After asking politely for a bottle of white wine, Emin began to discuss the subsequent projected images with Time Out's visual arts editor Ossian Ward. Emin excelled in her role as public speaker, bearing no hint of reticence in speaking about the inspiration behind her work, which covered a substantial period of her life as an artist; as a despondent yet passionate unknown from the late Eighties up until her notoriety and success into the late Noughties.
Even though she had spoken about keeping the tone of the discussion focused on her artwork rather than her personal life, looking nostalgically back through her drawings, which she kept as a “visual diary”, it seemed that this half-hearted maxim would always be an impossible task; her work and her personal history are so inextricably linked, it’s impossible for either Emin or her audience to totally disassociate the two.

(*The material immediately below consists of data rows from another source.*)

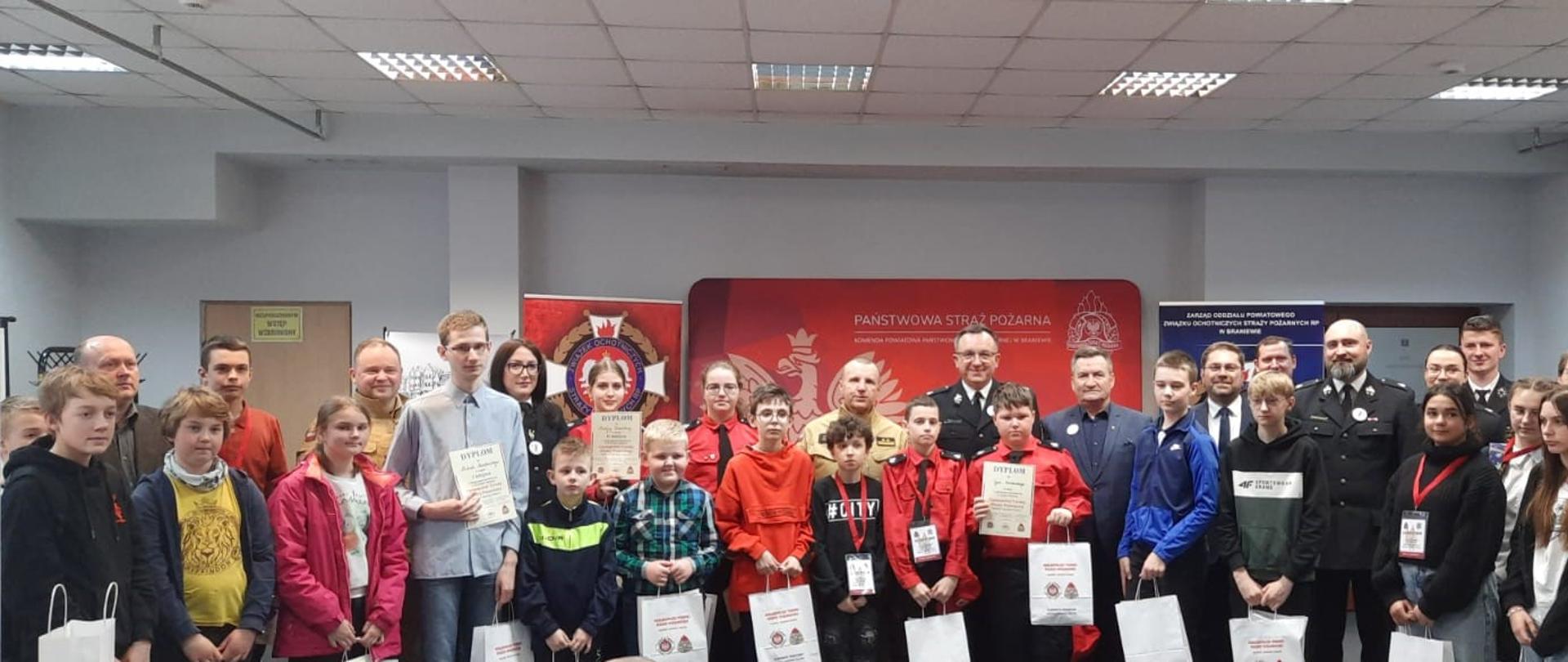 Na zajęciu duża grupa dzieci, uczestników konkursu. W rekach trzymają dyplomy i upominki. Za dziećmi stoją organizatorzy konkursu.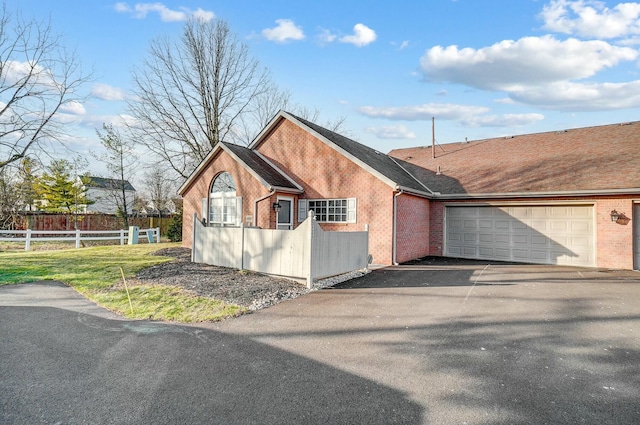 view of home's exterior with a garage and a yard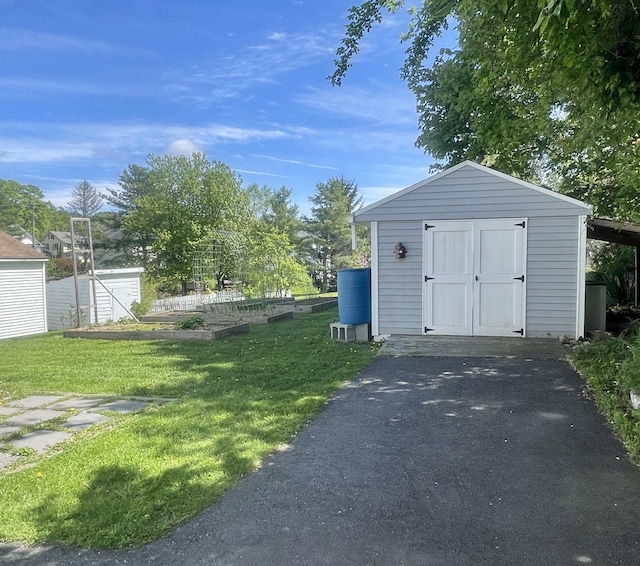 72 Winship St, Bath, ME 04530 - view of shed featuring a vegetable garden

Ostensibly energised and prompted by the series of projections that flared up behind her, Emin spoke of her feelings of loneliness and inadequacy as a young artist, but now with the confident approach of someone who has come to terms with facing their past. She also spoke frankly about her early background and childhood of abuse. There was an underlying humour and strength in her voice throughout her recounts of these tragic events and she had many happier memories wrapped up in and around these drawings, all of which, rushed for time, she recounted in less than an hour and a half.
In my own personal/public evening with Tracey Emin, she came across as an open, happy, well-mannered, very self-aware and confident person; a woman unwilling to be a victim to circumstance; a feminist in the truest sense of the word.
After the talk, Emin walked to the back of the hall for the arranged book signing. A long queue formed, made up of most of the evening's inhabitants, buoyantly equipped with their newly bought book of One Thousand Drawings and free glass of wine. From what I could gather, they had enjoyed the evening as much as I had.